Eine sechsköpfige Delegation aus der russischen Stadt Nischni Nowgorod hat die Emschergenossenschaft besucht. Unter den Gästen befanden sich unter anderem der Leiter der Stadtverwaltung in Nischni Nowgorod, der Vorsitzende des Komitees für außenwirtschaftliche  Beziehungen sowie ein Abgeordneter der Duma, des russischen Staatsparlaments.

Im Fokus ihres Besuches standen Projekte, die im Rahmen der „Grünen Hauptstadt Europas 2017“ eine besondere Rolle spielen werden.

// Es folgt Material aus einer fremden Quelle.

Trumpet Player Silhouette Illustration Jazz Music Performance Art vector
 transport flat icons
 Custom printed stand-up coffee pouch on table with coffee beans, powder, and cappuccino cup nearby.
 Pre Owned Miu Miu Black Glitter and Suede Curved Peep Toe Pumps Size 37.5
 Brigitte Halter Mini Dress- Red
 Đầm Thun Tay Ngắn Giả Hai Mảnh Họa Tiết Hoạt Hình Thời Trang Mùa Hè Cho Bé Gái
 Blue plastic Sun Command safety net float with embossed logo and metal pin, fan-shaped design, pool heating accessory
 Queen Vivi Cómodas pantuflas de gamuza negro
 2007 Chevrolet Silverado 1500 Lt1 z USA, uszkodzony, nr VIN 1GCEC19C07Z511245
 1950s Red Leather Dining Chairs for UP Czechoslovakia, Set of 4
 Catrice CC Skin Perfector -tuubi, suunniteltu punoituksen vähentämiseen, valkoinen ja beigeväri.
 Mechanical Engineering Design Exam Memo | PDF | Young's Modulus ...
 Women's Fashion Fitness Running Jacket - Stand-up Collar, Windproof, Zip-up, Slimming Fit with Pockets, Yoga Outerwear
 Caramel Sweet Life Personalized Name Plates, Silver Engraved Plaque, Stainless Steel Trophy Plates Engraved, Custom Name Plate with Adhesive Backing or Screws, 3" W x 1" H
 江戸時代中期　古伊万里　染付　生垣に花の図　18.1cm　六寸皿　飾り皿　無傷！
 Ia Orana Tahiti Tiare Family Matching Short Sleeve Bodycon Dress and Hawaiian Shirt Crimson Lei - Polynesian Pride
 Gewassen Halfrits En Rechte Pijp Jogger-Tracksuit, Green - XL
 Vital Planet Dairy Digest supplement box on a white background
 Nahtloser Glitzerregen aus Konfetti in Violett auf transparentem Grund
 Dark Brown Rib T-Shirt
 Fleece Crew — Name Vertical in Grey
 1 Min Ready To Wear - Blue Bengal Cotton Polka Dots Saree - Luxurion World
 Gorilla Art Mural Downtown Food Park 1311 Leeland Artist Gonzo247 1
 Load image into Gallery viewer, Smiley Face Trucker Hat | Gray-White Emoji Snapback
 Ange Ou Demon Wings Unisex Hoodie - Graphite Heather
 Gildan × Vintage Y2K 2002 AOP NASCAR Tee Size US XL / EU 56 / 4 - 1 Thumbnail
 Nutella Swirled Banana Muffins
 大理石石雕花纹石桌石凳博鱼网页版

Für viel Grün in der Region wird der ökologische Umbau des Berne-Systems sorgen. In dieses Projekt investiert die Emschergenossenschaft insgesamt rund 400 Millionen Euro. Die Gäste besuchten die Quelle und die Mündung des Flusses am Bernepark in Ebel sowie eine der großen Baustellen für den neuen unterirdischen Berne-Abwasserkanal.

Der Schacht an der Econova-Allee in Essen ist rund 20 Meter tief. Von der Brüstung des Treppenturms schauten die Besucher hinab in die Baustelle, von der aus die Emschergenossenschaft in den vergangenen Wochen einen rund 725 Meter langen Kanal in Richtung Bottrop vorgepresst hat.

Den Abschluss der Berne-Tour bildete ein Besuch der ehemaligen Kläranlage an der Mündung der Berne in die Emscher. Hier ist der Strukturwandel geradezu greifbar: Das ehemalige Betriebsgelände hat die Emschergenossenschaft zu einem offenen Bürgerpark umgestaltet, in dem ehemaligen Maschinenhaus ist ein Restaurant eingezogen.